From what I can search though, Firefox Focus on iOS has adblocker built in: https://apps.apple.com/us/app/firefox-focus-privacy-browser/id1055677337. Not sure if the built-in adblocker is UBO though.
Unfortunately, I'm only an occasional Apple user, so this is the extent of my knowledge. Hope this helps.
Thanks anyway, other than an emergency Reddit search I never use safari anyway - websites on mobile are absolutely shocking to use.
I've used Firefox for the past few months as Hulu has been getting aggressive w/ uBlock solely on Chrome. The only annoying hurdles have been during the switch but other than that I would say it's a good browser.
I have 3 Windows x64 machines:
- i7 6600u | 16GB RAM | Intel HD 520 | Nvidia 940MX
- i7 7700HQ | 16GB RAM | Nvidia 1060 (integrated Intel GPU disabled in BIOS)

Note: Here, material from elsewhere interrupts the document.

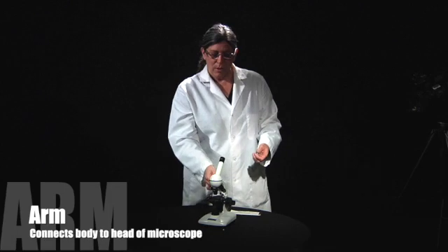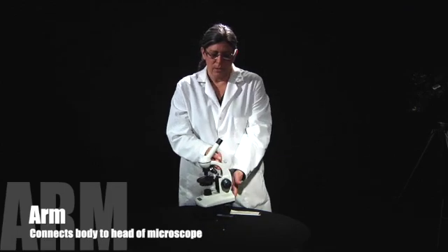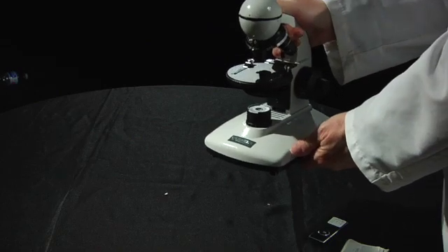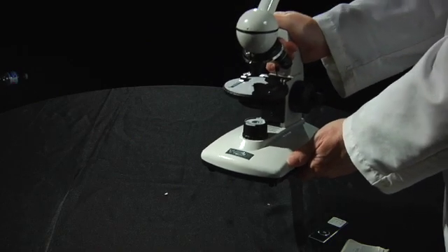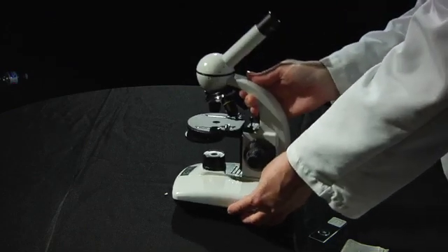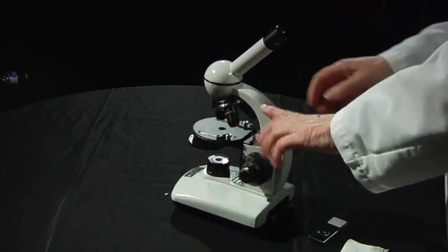The next part of the microscope that we're going to learn is called the arm, and we learn the arm because this is what you hold your microscope with. It's really best to hold it very firmly with your hand and with your other hand under the base.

- i7 9850H | 32GB RAM | Intel UHD 630 | Nvidia Quadro T2000
Firefox 115 running flawlessly on all of them. No issues, fast and smooth. Same as previous versions.

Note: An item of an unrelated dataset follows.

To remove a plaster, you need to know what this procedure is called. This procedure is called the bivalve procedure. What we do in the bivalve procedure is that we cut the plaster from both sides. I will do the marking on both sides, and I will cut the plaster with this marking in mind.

Can someone explain the Intel h264 decoding thing?
I've had h264 decode on GPU working with VAAPI since forever. This seems to be telling me about a feature I already had years ago?
Kind of a big update... this is the last version of Firefox for Windows 7 and Windows 8, along with macOS 10.12, 10.13, and 10.14. I know this is forcing family members to finally upgrade their (mac) OS.
More big updates:
- Hardware video decoding is now enabled for Intel GPUs on Linux.
- We've refreshed and streamlined the user interface for importing data in from other browsers.
- The builtin editor now behaves similarly to other browsers with contenteditable and designMode when splitting a node, e.g. typing Enter to split a paragraph, and also when joining two nodes, e.g. typing Backspace at the start of a paragraph to join the paragraph and the previous one.
Pretty sure that last feature is what finally fixes the Reddit Fancy Pants editor in Firefox... exactly when Reddit is destroying itself.
- IndexedDB is now also supported in private browsing without memory limits thanks to encrypted storage on disk. The temporary keys to decrypt the information are hold in RAM only and all stored information is purged at the normal end of a private browsing session from disk.
This might help WhatsApp web run in private browsing, among other sites.
The most impactful thing is definitely going to be OS compatibility... this is going to be the last version of Firefox for a long time for a lot of people.
i have a feeling there is something horribly wrong with 115.
firefox has been lagging and using too much ram. 114 was the best patch in history but now its back to the same old struggling firefox. or worse.
If you want to find the bug, you can run a mozregression to find what broke it (using 114 as your last known good release and 115 as your bad release).
Please reach out if you need help with this.
You can use your profile to test this pretty easily.
edit: culprit found: dashlane extension for firefox causing latency and high use of resources.. dashlane claims they are waiting on mozilla to review their patch submitted 3 weeks ago:
I am not seeing any patch submitted to Mozilla by Dashlane on this bug which looks like it is at an investigation phase, is that in a separate bug?